*What this task involves*. An exact restatement of the data below, with the pictures removed, is the required answer.

[Start of Attachment]

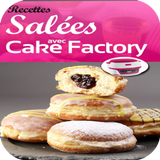 Recette Cake Factory icône
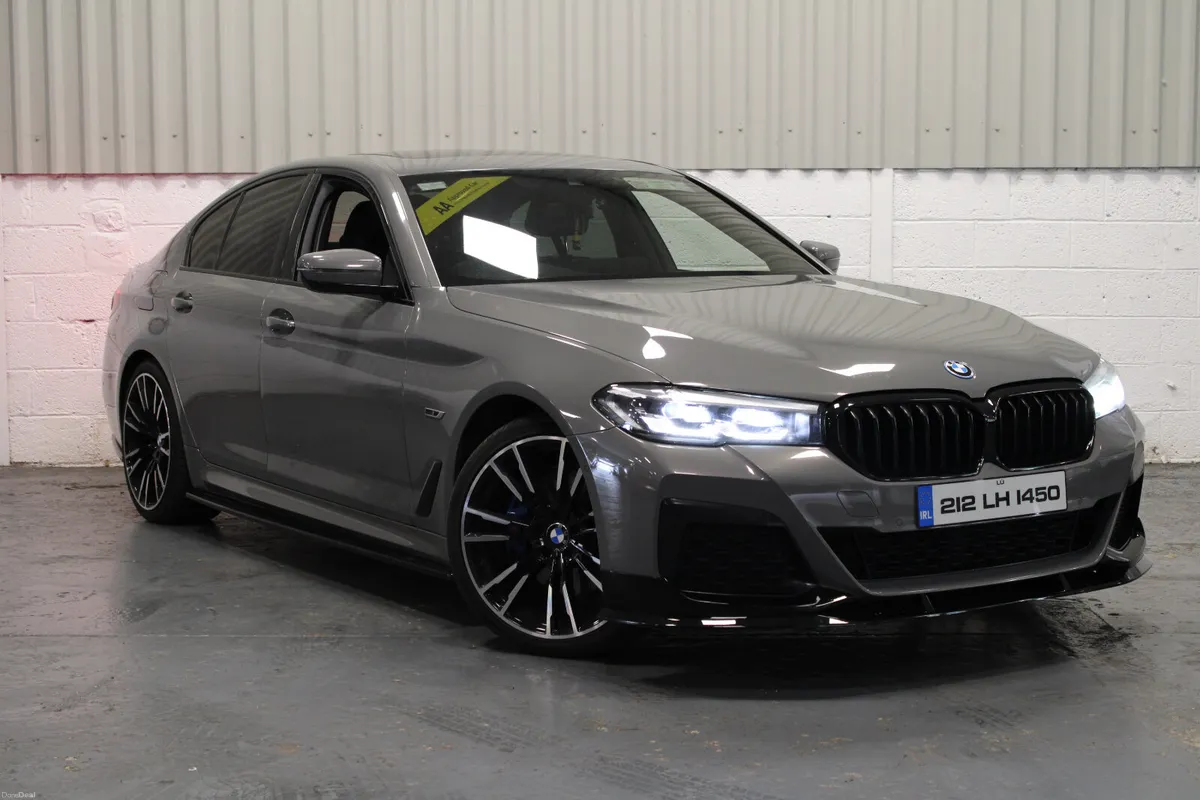BMW 5-Series 2021 - Image 4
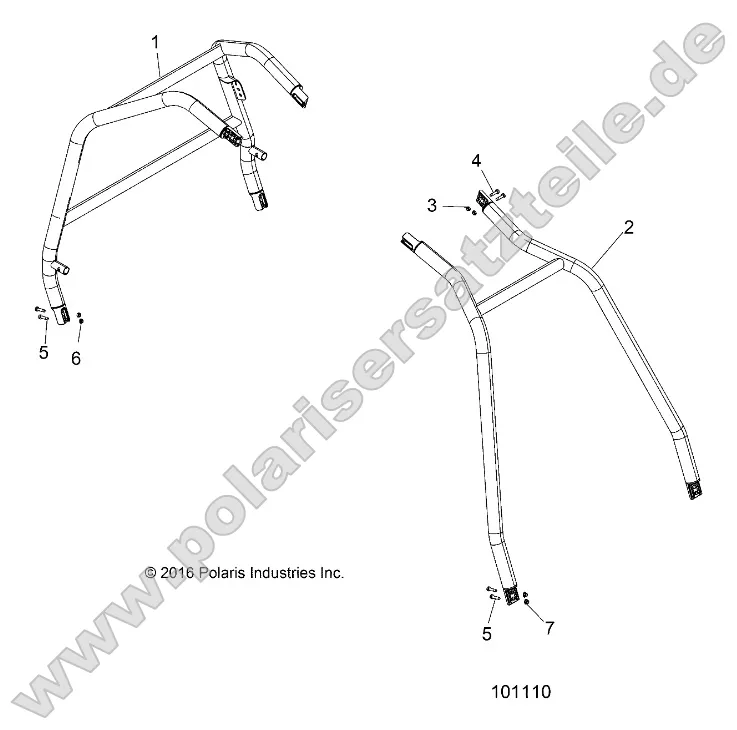 Chassis, Cab Frame and Side Bars Chassis, Cab Frame and Side Bars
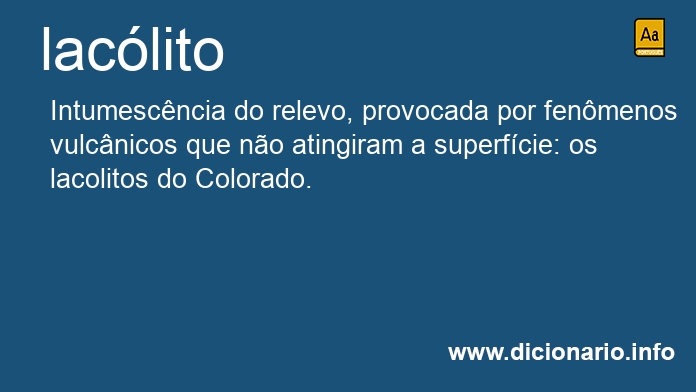 Significado de laclito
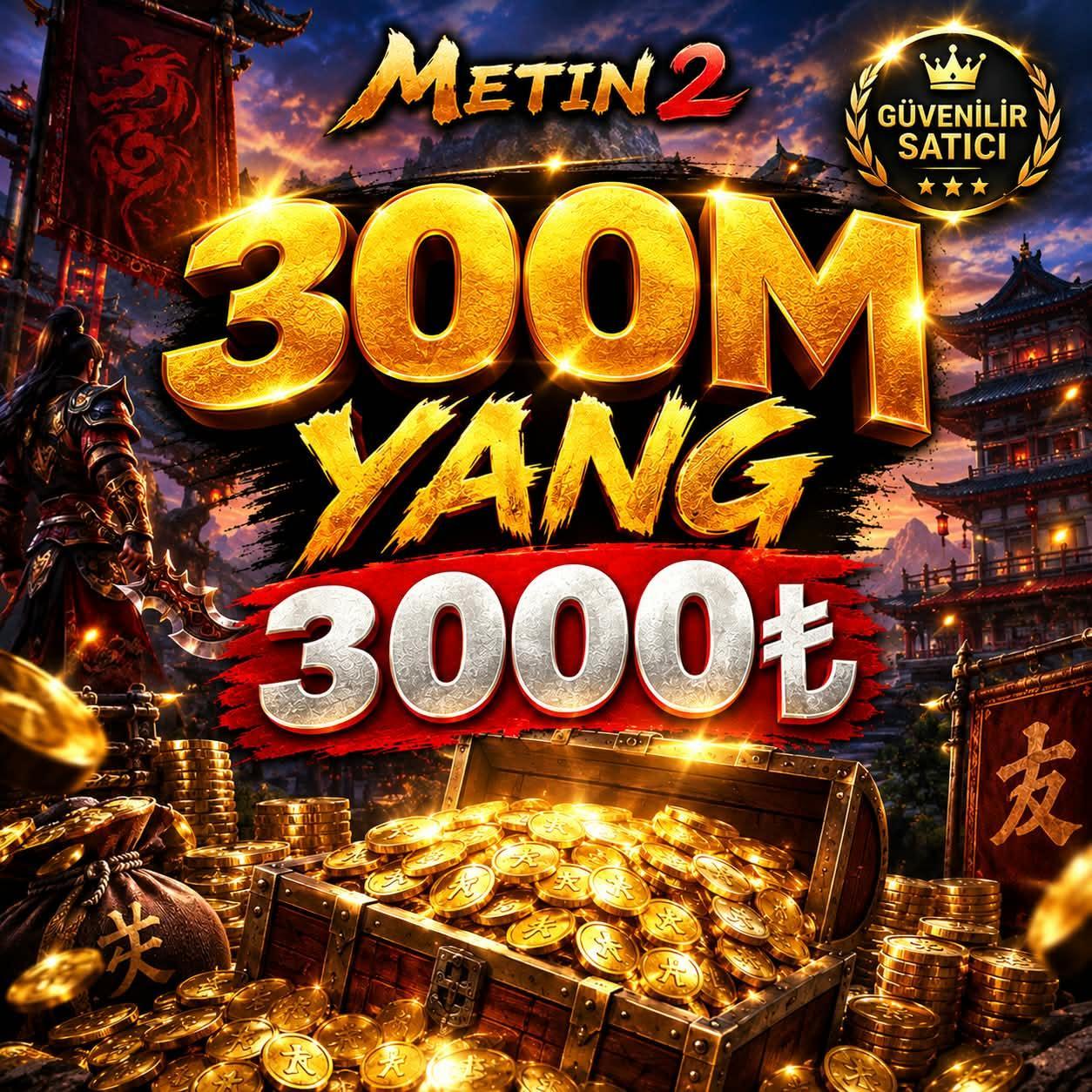 300M YANG [KALE] - ANINDA TESLİM!
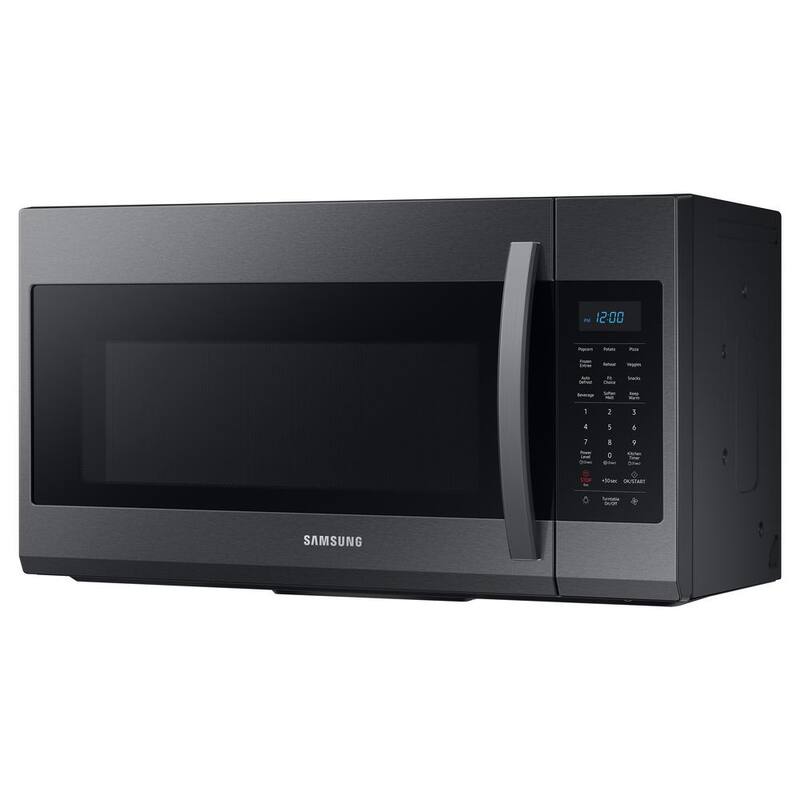 1.9 cu. ft. Black Stainless Steel Over the Range Microwave S6918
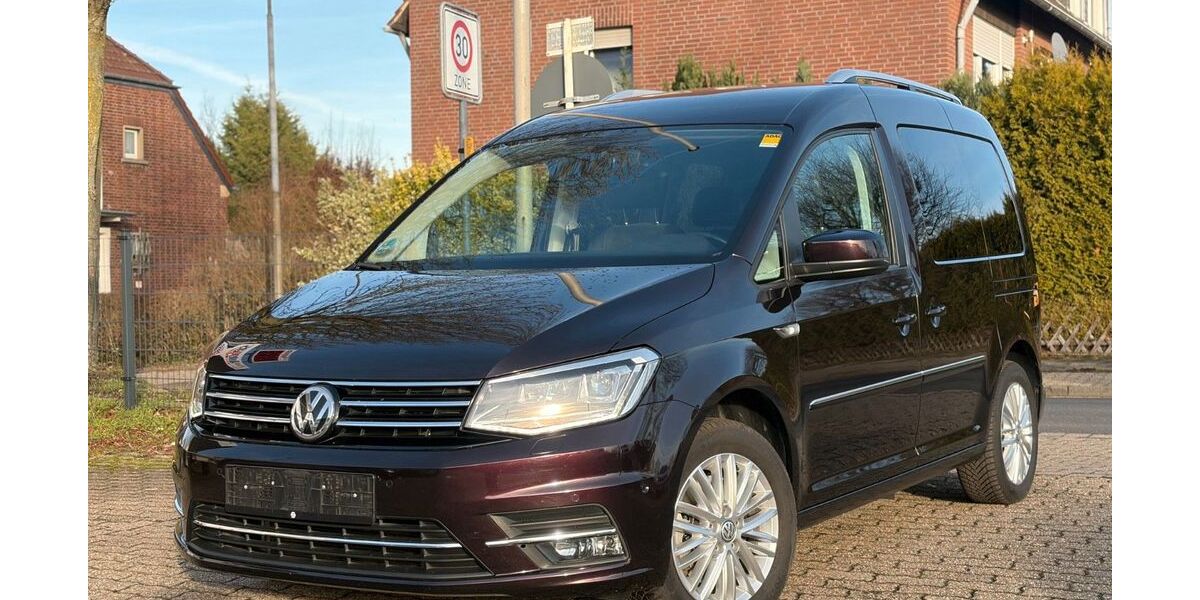 VW Caddy 50.000 km 23.999 &euro; neukirchen-vluyn 47506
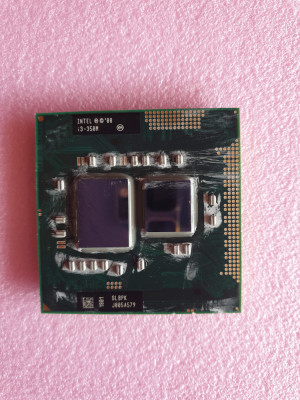 procesor INTEL I3-350M - SLBPK - foto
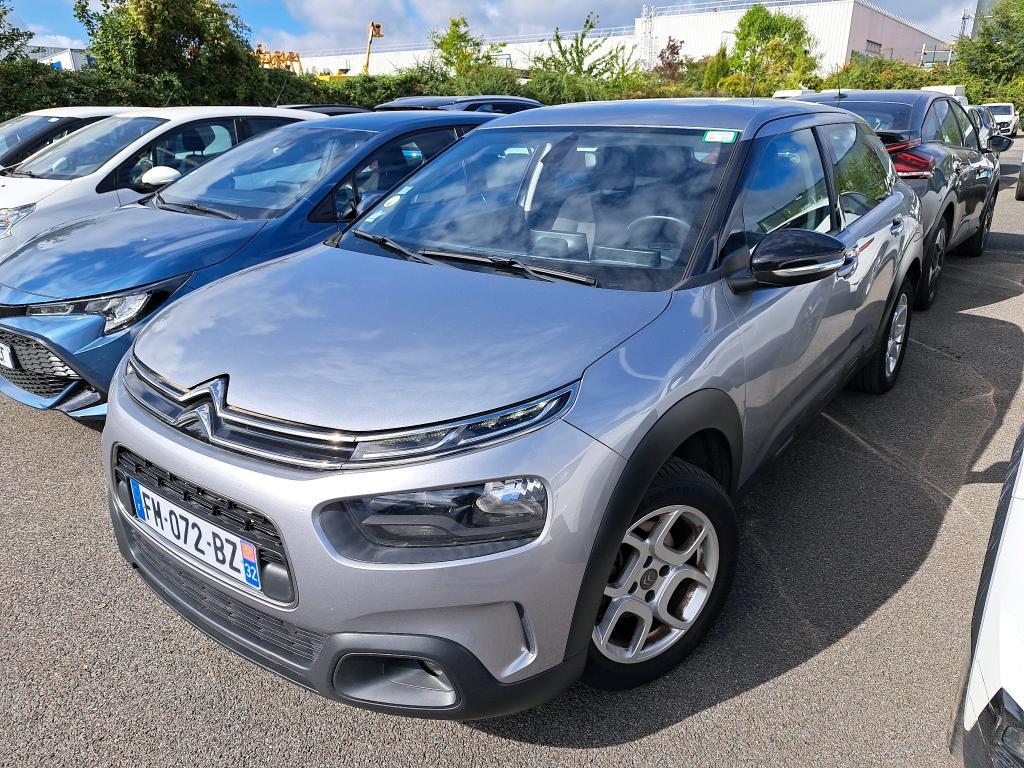 Citroen C4 Cactus BlueHDi 120 S&amp;S EAT6 Feel Nav VF [5P] 6-120CH-6cv, 2019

[End of Attachment]

*Response to this task*.
 Recette Cake Factory icône
BMW 5-Series 2021 - Image 4
 Chassis, Cab Frame and Side Bars Chassis, Cab Frame and Side Bars
 Significado de laclito
 300M YANG [KALE] - ANINDA TESLİM!
 1.9 cu. ft. Black Stainless Steel Over the Range Microwave S6918
 VW Caddy 50.000 km 23.999 &euro; neukirchen-vluyn 47506
 procesor INTEL I3-350M - SLBPK - foto
 Citroen C4 Cactus BlueHDi 120 S&amp;S EAT6 Feel Nav VF [5P] 6-120CH-6cv, 2019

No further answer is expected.